Feb. 8, 2010
Ten years after winning the Heisman Trophy and leading the Wisconsin Badgers to two Rose Bowl Championships, college football legend Ron Dayne continues to give back to the city of Madison.
One of the most highly decorated athletes to ever play for Wisconsin, the 5-10, 252 lb running back from Berlin, New Jersey gave then-head coach Barry Alvarez’s program a national presence. Dayne made an immediate impact, becoming known for his blue collar, hardnosed and relentless style of play.
To this day, Dayne still holds the NCAA record for total career rushing yards in Football Bowl Subdivision history (6,397). He was crowned the 1999 AP Player of the Year and Heisman Trophy winner, while also claiming the Jim Brown, Maxwell, Walter Camp and Doak Walker awards. Yet, the humble Heisman winner doesn’t dwell on his accomplishments.
“I really don’t look at all my awards like that. My thing was to win, and that’s what I wanted to do,” said Dayne.
While the awards serve as a great memoir to his unparalleled skill of the game, Dayne credits his former teammates for his accolades and showing him the way, especially as an incoming freshman. A senior studded offensive line and fullback served as Dayne’s guiding light in particular.
“Everybody on the front line was a senior,” said Dayne. “At the time, I was the fifth running back in line, and fourth and fifth running backs didn’t play that often, so I didn’t know all the plays. If you ever watch any of the old games, when I first started playing you’ll see Cecil (Martin) putting his hands behind his back pointing which way he was going. Cecil would tell me, just follow me over here, come this way. When I got in the huddle, my teammates would make sure I knew where to go.”

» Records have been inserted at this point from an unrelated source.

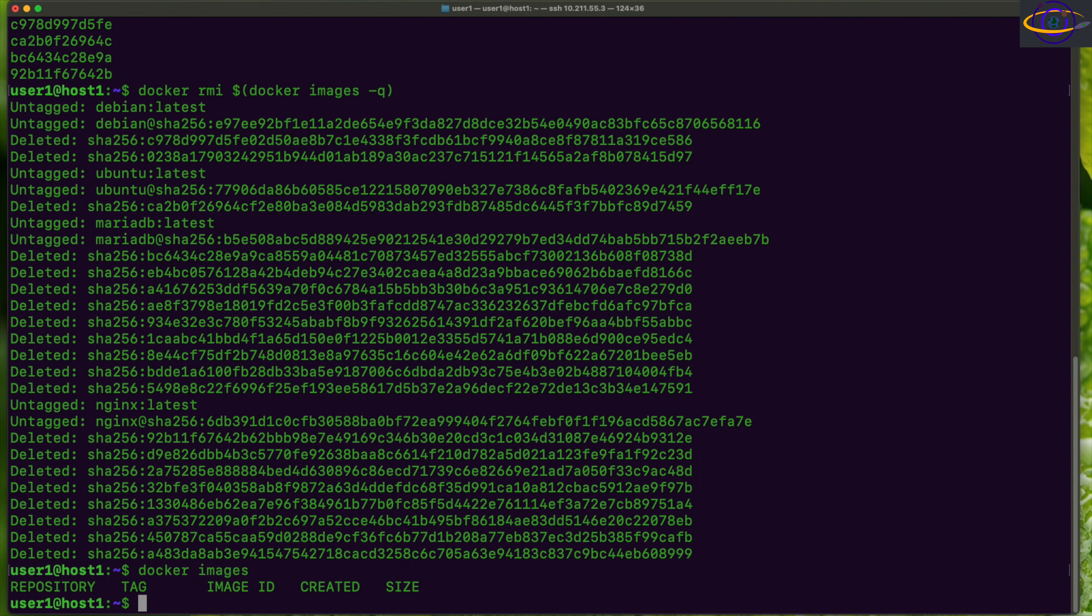If I want to launch another container, it's going to have to pull those images down again, but that's it. Basically we've showed you how to stop all containers, how to remove all containers, and how to remove all images to basically clean out your system.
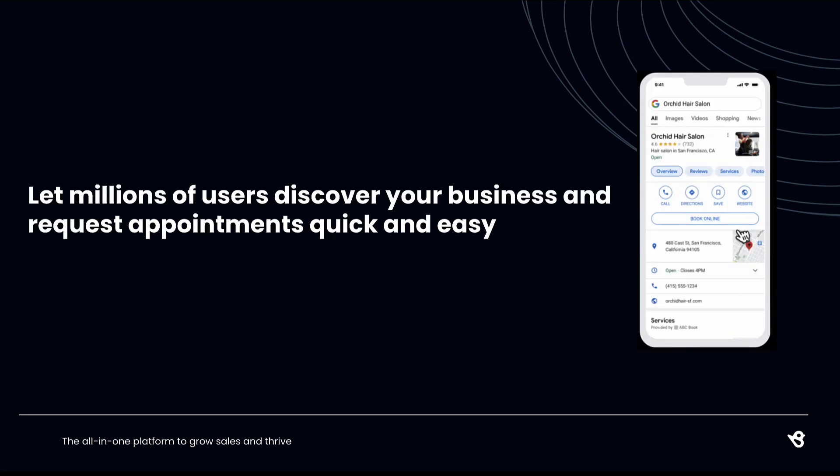Birdeye Appointments now integrates with Google to unlock a new lead generation and sales channel by adding a book online button to your Google Business Profile on search and maps.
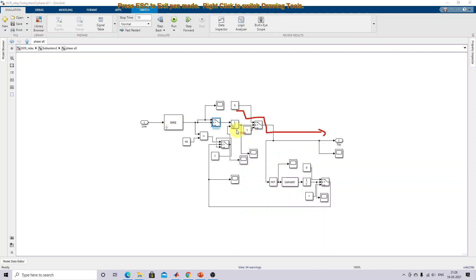We are also using a reset. When the system comes back to normal condition, you need to reset that integrator after some time. This is the working of this overcurrent relay.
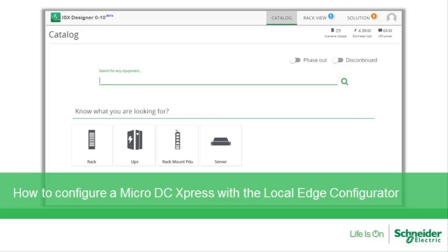Hello, I'm here to show you how to configure a Micro DC Express with the Local Edge Configurator.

The seniors on the team served as mentors to Dayne, showing him the way on the field. He immediately developed a bond with his teammates.
“We were a tough group, we all went through it together and we always hung together as a team,” said Dayne.

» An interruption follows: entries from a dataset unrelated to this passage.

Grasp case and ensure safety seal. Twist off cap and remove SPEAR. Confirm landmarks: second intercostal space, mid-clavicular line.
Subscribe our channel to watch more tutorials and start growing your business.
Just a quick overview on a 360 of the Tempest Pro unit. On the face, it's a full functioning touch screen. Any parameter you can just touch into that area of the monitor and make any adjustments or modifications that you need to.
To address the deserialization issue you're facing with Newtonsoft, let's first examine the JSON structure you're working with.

The bond Dayne developed has since been extended for a greater cause. Recently, Dayne and a group of former standout Badger teammates and Rose Bowl Champions, including defensive back Kenny Gales, wide receiver Michael London, fullback Cecil Martin and defensive lineman Haywood Simmons, have started Champion Style Athletics (CSA). CSA is a functional trainer’s gym, located in Madison, Wis., that provides members of all ages the chance to enhance their daily lifestyle.
CSA has a diverse clientele, starting with five year-olds-who participate in CSA’s organized flag football team and ending with a class specifically designed for the young-at-heart senior citizens. Dayne and staff cater to their client’s needs, striving to enhance member’s nutrition, physicality, athleticism, and academics.
Within CSA members, are many local area high school athletes trying to excel at their sport and prepare themselves to play at the collegiate level.
“We have a lot of high school athletes that come to our gym. The kids work to become stronger and faster, and we are doing it the right way,” comments Dayne.
Dayne and his teammates see CSA as an opportunity to teach youth a healthy lifestyle, as well as the importance of keeping up with their studies. As the University of Wisconsin instilled these values on Dayne and his former teammates when they were student-athletes, they now aim to carry on the importance and parallelism between academics and athletics.
“We have a study table for the kids, where you are required to study before you work out, and it gives them a chance to get their homework done,” said Dayne. “We have tutors on site, and we also offer ACT and SAT prep classes, so kids know what they need to be at in order to get into school.”
In conjunction with CSA, Dayne is also working hard to lead the fight against childhood obesity and diabetes in the community. The Ron Dayne Youth Initiative, a non-profit organization, focuses on mentoring children from underprivileged homes within the Madison public school footprint. The initiative offers fitness opportunities and academic support to underprivileged and at-risk students. Students participate in after school activities, helping to keep active and also off the street.
Currently, Dayne and staff organize the after-school programs at the three participating schools that take part in the initiative.
“We do an hour and a half after-school program, where we work the kids out,” said Dayne. “It’s great. We play games and do a lot of resistance drills as games, so it’s fun for them. And they are getting a good workout without knowing it.”
The program is in its third year, and houses 45 students throughout the three participating schools. Dayne plans to add a school each year to grow the initiative. Being an athlete himself and a father of two, childhood obesity and diabetes is a hot topic that resonates strongly with the Heisman Trophy winner.
“We want to keep the kids busy and active, rather than having kids sitting at home and doing nothing, or running the streets. We try and give them another way to go,” said Dayne.
During his time on the field, Dayne helped to give the city of Madison two Big Ten titles, two back-to-back Rose Bowl Championships, and a 37-13 overall record. Now off the field, he is helping in leading a fight against childhood obesity and diabetes for the city, as well as focusing efforts on encouraging healthy lifestyles for those who are members of his gym. A true role model, Dayne is living proof of the belief, “Once a Badger, always a Badger.”